The forecast increase in connected devices in coming years will create an unprecedented increase in the traffic that is generated, and consequently greater general use of resources in telecommunication networks and greater energy consumption by them. The increase in energy consumption has a clear economic and environmental impact. Therefore, it is vital to optimise the energy that is consumed by all network elements, according to the circulating traffic, to offer a service that is committed to the user without decreasing quality and using the least amount of energy possible.

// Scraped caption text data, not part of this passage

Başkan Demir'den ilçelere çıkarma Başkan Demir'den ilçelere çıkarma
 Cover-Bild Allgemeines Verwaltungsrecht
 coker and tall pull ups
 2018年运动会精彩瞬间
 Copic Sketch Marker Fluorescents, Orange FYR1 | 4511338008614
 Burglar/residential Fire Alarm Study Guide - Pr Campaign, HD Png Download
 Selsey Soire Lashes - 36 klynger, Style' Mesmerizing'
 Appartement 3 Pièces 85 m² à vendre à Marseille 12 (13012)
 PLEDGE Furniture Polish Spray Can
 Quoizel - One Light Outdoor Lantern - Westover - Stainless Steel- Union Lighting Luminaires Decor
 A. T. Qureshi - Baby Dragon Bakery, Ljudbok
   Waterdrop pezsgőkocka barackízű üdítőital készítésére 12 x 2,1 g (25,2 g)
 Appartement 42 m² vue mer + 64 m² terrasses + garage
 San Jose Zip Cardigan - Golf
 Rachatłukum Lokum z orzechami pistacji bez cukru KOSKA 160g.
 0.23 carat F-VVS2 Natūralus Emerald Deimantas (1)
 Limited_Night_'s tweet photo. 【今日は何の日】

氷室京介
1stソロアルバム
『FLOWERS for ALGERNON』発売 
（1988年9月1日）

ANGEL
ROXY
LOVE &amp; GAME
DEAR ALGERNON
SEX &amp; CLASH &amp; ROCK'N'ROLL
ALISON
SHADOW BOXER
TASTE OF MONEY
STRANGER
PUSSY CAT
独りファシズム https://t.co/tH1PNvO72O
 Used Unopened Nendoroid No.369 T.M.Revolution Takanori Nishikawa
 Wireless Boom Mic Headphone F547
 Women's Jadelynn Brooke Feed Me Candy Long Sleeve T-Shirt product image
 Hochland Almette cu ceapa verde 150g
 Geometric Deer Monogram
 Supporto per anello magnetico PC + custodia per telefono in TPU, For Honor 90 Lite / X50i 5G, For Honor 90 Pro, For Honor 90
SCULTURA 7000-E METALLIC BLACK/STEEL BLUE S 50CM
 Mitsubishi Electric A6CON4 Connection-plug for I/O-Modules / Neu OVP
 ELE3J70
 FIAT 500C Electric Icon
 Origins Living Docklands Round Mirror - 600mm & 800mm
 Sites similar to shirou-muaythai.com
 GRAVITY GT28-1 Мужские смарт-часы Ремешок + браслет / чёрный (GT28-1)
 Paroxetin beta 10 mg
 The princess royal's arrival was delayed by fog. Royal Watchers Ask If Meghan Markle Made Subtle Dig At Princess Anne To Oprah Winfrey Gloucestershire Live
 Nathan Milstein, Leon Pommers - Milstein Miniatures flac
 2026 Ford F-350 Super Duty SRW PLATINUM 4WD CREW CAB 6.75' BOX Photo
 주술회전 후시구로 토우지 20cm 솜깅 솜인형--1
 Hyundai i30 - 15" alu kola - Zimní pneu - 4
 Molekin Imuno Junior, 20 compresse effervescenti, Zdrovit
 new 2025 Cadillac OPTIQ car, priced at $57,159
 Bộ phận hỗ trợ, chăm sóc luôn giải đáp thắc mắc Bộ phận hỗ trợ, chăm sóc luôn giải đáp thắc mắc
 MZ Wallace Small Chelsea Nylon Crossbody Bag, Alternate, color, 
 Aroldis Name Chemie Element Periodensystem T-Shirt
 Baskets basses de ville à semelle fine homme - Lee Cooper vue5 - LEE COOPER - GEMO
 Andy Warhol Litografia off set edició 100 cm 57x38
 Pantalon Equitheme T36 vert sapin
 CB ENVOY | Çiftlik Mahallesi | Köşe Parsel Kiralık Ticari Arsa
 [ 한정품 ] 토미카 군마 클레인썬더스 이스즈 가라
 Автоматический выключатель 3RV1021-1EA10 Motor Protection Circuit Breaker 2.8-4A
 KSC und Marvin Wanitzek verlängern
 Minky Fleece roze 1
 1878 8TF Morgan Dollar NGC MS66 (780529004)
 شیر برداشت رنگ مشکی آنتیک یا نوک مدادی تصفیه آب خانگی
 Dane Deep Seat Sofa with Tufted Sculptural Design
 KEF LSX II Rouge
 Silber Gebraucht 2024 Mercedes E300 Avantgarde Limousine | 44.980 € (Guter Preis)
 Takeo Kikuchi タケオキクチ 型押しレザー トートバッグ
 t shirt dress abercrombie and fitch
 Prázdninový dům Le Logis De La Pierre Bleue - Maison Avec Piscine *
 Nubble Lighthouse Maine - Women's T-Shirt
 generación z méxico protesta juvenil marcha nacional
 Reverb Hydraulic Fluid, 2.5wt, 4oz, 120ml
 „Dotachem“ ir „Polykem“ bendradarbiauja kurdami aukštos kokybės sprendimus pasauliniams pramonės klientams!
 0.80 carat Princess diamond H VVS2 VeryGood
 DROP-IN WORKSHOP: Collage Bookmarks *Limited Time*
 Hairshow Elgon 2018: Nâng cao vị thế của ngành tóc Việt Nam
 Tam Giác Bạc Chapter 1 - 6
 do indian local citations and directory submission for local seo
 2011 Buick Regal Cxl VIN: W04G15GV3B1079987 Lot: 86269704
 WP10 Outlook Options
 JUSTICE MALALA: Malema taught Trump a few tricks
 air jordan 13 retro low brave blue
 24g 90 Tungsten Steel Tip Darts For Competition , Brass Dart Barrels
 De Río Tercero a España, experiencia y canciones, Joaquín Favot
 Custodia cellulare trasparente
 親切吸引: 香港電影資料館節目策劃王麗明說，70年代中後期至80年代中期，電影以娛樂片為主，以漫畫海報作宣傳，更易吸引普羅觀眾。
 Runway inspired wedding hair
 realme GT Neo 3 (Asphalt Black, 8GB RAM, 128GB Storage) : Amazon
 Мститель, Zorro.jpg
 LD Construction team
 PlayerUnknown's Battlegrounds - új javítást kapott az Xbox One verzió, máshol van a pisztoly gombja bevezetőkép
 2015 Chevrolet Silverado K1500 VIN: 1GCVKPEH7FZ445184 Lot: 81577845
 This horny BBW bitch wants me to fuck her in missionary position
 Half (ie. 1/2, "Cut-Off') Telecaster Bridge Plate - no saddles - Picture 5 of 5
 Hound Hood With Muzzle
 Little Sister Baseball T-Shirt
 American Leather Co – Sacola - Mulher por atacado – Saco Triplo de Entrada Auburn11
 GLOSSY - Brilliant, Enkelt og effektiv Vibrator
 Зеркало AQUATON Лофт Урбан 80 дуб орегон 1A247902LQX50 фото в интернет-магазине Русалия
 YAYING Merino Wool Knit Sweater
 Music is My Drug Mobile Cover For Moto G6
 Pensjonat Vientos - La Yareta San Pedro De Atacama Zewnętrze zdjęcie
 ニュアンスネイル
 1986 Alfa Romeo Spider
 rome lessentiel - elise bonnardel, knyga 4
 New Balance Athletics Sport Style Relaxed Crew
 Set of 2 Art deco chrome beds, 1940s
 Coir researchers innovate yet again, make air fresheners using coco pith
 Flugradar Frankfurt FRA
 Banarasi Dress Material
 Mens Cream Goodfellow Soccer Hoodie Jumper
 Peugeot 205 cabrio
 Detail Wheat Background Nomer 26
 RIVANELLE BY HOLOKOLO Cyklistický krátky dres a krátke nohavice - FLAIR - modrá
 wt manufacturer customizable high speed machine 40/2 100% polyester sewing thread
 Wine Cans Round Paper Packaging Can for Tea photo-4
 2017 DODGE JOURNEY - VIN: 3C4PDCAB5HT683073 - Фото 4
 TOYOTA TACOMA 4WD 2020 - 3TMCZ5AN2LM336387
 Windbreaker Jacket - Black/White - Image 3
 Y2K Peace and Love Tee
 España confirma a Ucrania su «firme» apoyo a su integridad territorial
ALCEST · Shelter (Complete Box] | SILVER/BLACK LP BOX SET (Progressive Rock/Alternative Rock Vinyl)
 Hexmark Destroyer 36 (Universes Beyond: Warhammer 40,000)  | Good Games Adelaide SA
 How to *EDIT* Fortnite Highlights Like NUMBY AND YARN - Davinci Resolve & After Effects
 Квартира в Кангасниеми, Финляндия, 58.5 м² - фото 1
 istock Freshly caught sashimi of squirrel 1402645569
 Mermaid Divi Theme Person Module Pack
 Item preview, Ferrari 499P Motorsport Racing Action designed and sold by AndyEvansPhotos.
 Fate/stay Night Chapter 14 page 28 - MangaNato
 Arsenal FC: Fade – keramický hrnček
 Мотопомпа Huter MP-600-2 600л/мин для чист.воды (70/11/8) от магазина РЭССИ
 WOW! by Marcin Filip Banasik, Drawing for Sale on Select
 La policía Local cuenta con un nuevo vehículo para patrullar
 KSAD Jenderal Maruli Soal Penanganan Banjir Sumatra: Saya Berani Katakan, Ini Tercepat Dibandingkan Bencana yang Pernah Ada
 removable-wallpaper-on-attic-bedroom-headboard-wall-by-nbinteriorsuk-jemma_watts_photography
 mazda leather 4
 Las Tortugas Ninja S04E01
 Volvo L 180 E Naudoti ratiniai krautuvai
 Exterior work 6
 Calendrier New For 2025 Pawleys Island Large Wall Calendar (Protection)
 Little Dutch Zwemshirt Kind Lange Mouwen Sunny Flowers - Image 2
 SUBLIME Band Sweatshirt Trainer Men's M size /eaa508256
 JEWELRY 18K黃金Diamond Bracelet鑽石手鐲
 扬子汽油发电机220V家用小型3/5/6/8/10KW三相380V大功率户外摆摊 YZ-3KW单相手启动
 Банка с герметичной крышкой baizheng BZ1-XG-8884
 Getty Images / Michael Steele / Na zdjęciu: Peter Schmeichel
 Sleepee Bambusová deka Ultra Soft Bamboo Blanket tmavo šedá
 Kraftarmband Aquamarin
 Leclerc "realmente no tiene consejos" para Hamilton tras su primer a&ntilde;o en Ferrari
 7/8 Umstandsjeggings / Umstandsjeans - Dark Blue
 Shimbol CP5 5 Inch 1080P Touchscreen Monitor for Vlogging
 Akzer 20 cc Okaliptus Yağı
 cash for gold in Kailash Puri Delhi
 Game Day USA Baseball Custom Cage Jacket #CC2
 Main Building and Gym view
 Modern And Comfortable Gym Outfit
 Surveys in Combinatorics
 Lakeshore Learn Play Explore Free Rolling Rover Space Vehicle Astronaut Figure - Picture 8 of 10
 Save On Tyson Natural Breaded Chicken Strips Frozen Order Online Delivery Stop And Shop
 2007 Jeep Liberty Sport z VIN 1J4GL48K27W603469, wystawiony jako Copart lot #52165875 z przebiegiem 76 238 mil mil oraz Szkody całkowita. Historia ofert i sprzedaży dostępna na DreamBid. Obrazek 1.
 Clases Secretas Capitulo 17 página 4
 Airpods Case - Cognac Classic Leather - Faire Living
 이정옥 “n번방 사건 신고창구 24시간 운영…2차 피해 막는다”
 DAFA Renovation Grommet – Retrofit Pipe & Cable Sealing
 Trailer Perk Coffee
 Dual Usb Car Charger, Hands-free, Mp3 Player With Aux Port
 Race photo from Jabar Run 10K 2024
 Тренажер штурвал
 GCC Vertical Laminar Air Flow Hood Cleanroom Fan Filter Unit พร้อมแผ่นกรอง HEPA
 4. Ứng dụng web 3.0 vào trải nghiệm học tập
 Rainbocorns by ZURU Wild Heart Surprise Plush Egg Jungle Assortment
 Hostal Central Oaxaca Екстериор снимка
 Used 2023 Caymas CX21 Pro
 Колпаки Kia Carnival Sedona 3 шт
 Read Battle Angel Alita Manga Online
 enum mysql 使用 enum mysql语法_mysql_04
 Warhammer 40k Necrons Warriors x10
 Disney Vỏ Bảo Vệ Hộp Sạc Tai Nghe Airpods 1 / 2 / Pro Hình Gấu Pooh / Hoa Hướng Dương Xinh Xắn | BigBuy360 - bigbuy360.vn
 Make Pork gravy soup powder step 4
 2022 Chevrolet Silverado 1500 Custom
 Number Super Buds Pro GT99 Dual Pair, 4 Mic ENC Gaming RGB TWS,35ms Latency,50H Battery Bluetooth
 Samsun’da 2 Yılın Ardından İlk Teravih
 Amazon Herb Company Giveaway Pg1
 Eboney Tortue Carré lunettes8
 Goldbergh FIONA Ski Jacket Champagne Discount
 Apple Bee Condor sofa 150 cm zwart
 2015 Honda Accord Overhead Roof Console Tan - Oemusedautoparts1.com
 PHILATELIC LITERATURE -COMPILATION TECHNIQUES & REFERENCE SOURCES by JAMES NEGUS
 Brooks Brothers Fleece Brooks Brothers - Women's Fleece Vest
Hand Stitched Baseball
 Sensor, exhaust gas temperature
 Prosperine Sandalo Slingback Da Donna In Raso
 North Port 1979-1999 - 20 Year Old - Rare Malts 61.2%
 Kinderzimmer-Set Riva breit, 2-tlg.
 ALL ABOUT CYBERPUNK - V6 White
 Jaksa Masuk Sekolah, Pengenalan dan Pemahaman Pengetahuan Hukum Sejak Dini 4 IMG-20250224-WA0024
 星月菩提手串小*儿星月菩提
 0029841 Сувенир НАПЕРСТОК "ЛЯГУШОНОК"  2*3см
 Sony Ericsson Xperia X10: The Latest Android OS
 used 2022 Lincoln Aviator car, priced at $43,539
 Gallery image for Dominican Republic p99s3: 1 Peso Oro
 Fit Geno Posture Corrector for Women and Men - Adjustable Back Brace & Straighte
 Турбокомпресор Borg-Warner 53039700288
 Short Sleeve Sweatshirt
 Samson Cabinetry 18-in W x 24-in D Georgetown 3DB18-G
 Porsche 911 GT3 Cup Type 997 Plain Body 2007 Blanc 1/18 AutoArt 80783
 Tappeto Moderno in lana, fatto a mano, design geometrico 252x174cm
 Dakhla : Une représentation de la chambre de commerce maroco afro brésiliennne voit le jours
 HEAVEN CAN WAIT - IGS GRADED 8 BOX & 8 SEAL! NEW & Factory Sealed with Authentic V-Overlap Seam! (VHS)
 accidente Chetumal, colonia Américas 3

The algorithm developed as part of SOCRA adapts the topology of the network to existing traffic conditions and regulates the use of links in the access network for users and the links between base stations in the 5G network, so that resources whose use is not considered necessary at a certain moment can enter a state of deep sleep. All this reduces the overall energy consumption of the network. The benefits of the algorithm are particularly clear at night-time, when the network load is quite low. In these circumstances, reductions in network energy consumption of up to 90% are obtained.
Currently, the capacities of the algorithm are being expanded to include positioning information. The algorithm can anticipate mobility decisions that are made by network users, and prematurely detect flows of resources requested in the near future. In this way, it can address hotspotsand dark zones.
In the context of positioning, researchers from the GRXCA group are working on new geolocation solutions for interiors that are energy efficient, so that the position of users can be determined with sufficient accuracy in conditions in which technologies such as GPS do not work (for example, in buildings, urban sewers, etc.). In particular, mechanisms are being developed with wireless technologies that are widely rolled out and easily accessible (WiFi and Bluetooth), which can offer precision of between 1 and 2 m in interiors. Currently, the group has defined algorithms whose simulation results meet the established expectations in terms of precision. The testbed phase will begin shortly.
Participants in the SOCRA project consortium are the Karlstad University (KAU) in Sweden, Huawei Technologies Sweden AB, Gotmic AB and Bluewave Microsystems AB. SOCRA lasted three years and had a budget of 510 million euros.